May 28th, I got on a plane in College Station and headed to Jacksonville where I'd then drive to Lake City to meet this boy.
The flight went well, the drive went well, and I arrived at an O'Connor designed facility in the middle of a would be development that was well, not developed. Florida was already in the 90s and in Texas (with all the blasted rain), we were not. My body complained and I tried to drink as much water as I could but it wasn't having any of it. The owner was a really nice lady and we quickly met Vana, got him tacked up and she took him to the outdoor and we got started. There was A LOT of walking. He'd pulled a shoe the previous October and they'd given him the winter off as a preventative treatment when they didn't find anything wrong with him despite extensive vetting. OK, sure. *shrug
After about 30 minutes of him being walked under saddle and some lateral work (and me melting in the sun), it was my turn to get on him. The ad said 17.2 hands and I've learned most people exaggerate horse heights and well, his was not. This boy is tall. Not super wide but he's freaking tall. He was thankfully a gentleman at the mounting block and was very kind as I adjusted to him. We got on a 20ish meter circle and I walked. After the breifing on how they were bringing him back, I knew I wasn't going to get to do all the things with him. This ended up pretty good as I wasn't really even able to walk him. We'd do a few steps and he'd halt. Obviously I was failing at something (this was the point of getting him, right?) but we kept trying. He was very kind and responsive which was very nice to see. I figured I'd had enough of torturing him with my inability to walk him and didn't want to push the owner's worry so I opted to get off when she suggested I trot. Really?!? I pushed him a little hesitantly into a trot (we couldn't walk so why would he trot?) and he went into this huge, bouncy, lovely trot and I knew this was doable. Two 20 meter circles and I pulled him up.

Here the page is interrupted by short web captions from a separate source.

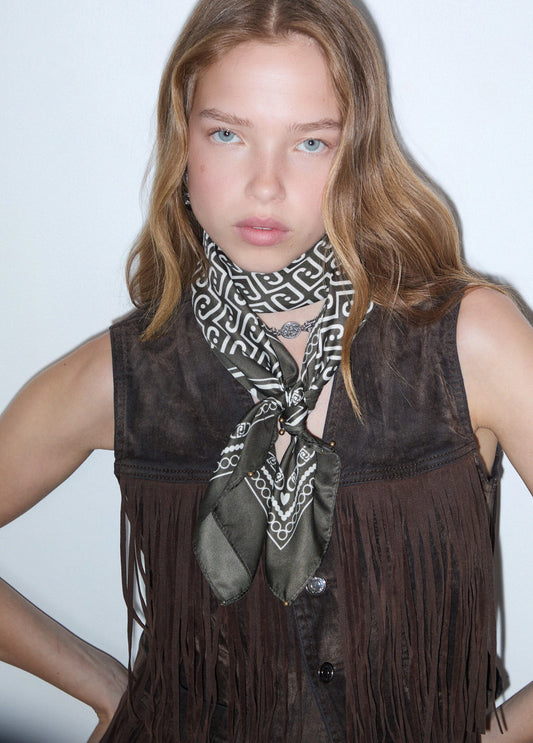 LIU JO FOULARD 2F6060-T2745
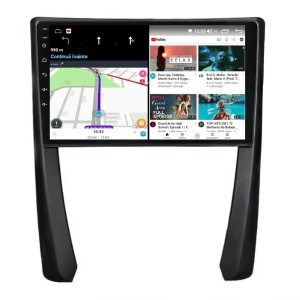 Navigatie dedicata cu Android Porsche 911 2009 - 2013, 4GB RAM, Radio GPS Dual Zone, Display HD IPS 9" Touchscreen, Internet Wi-Fi, Bluetooth, MirrorLink, USB - Img 7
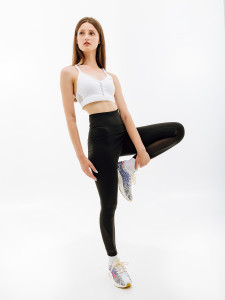 Лосини Nike ONE DF HR 7/8 TIGHT DV9020-010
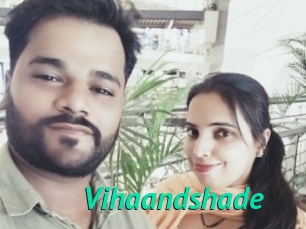 Vihaandshade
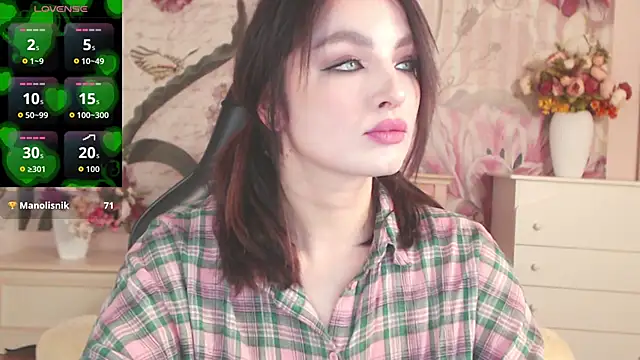 BritneyBarker online show from November 2025 09:16:01 PM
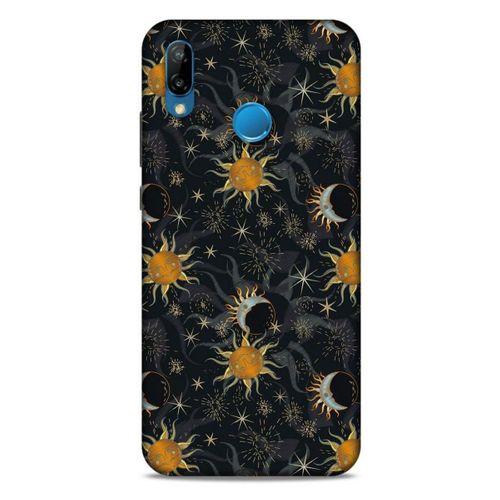 Spacex (50) Tema Shockproof Kılıf Huawei P20 Lite Kılıf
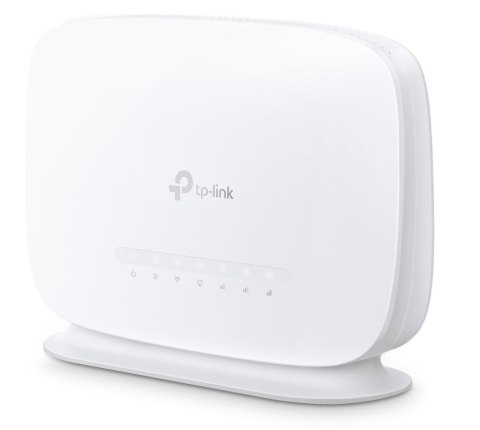 TP-Link Archer MR505 router bezprzewodowy Gigabit Ethernet Dual-band (2.4 GHz/5 GHz) 4G Biały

We untacked in the heat and hung out in the barn. Lots of paperwork was presented and I just felt like someone that had found a classic Corvette with every piece of paperwork from the point of manufacture, through every sale, to now. It was amazing and reflected his well kept personality and body. Vana was goofy, sweet, and just a good good boy. I talked with the current owner for another hour or two to develop a relationship to show her I was interested in learning what he had to teach me without an agenda to use and abuse him (I don't). In the end, I had to ask to buy him and she agreed. We wrapped things up (she offered a trail ride on the beautiful grounds but I was border line heat exhaustiony and declined reluctantly.
I drove back to Jacksonville, rustled up a celebratory dinner, and then woke up to be on my 5am flight the next morning.